3. Hadoop core Configuration
3.1 conf/masters (master only)
The conf/masters file defines the master nodes of our multi-node cluster.
On master, update $HADOOP_HOME/conf/masters that it looks like this:
master
3.2 conf/slaves (master only)
This conf/slaves file lists the hosts, one per line, where the Hadoop slave daemons (datanodes and tasktrackers) will run.
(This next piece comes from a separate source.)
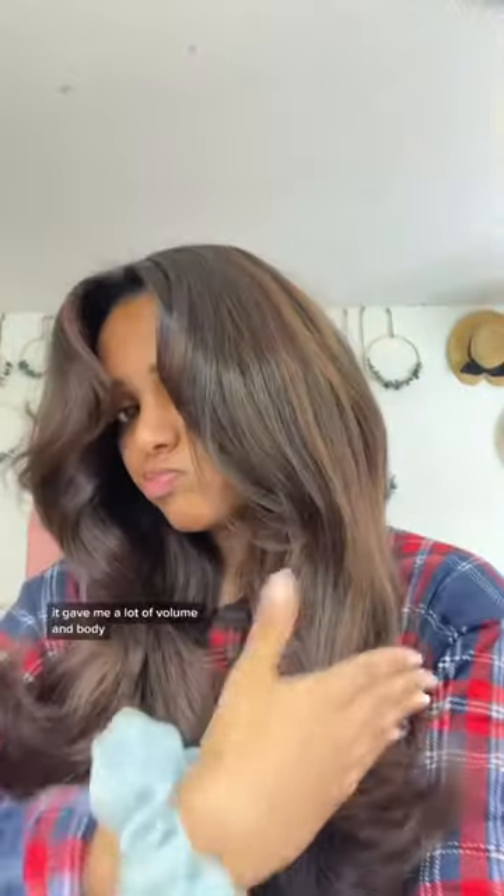On my hair, it did work. It gave me a lot of volume and body. When I do heatless curls, I also look for something that can smooth out the frizz, and this couldn't quite do that.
We want both the master box and the slave box to act as Hadoop slaves because we want both of them to store and process data.
On master, update $HADOOP_HOME/conf/slaves that it looks like this:
master slave
If you have additional slave nodes, just add them to the conf/slaves file, one per line (do this on all machines in the cluster).
master slave slave01 slave02 slave03
3.3 conf/hadoop-site.xml (all machines)
Following a sample configuration for all hosts, explanation of all parameters link
hadoop.tmp.dir /usr/local/bin/hadoop/datastore/hadoop-${user.name} A base for other temporary directories.
fs.default.name hdfs://master:54310 The name of the default file system. A URI whose scheme and authority determine the FileSystem implementation. The uri's scheme determines the config property (fs.SCHEME.impl) naming the FileSystem implementation class. The uri's authority is used to determine the host, port, etc. for a filesystem.
mapred.job.tracker master:54311 The host and port that the MapReduce job tracker runs at. If "local", then jobs are run in-process as a single map and reduce task.
dfs.replication 1 Default block replication. The actual number of replications can be specified when the file is created. The default is used if replication is not specified in create time.
mapred.reduce.tasks 8 The default number of reduce tasks per job. Typically set to a prime close to the number of available hosts. Ignored when mapred.job.tracker is "local".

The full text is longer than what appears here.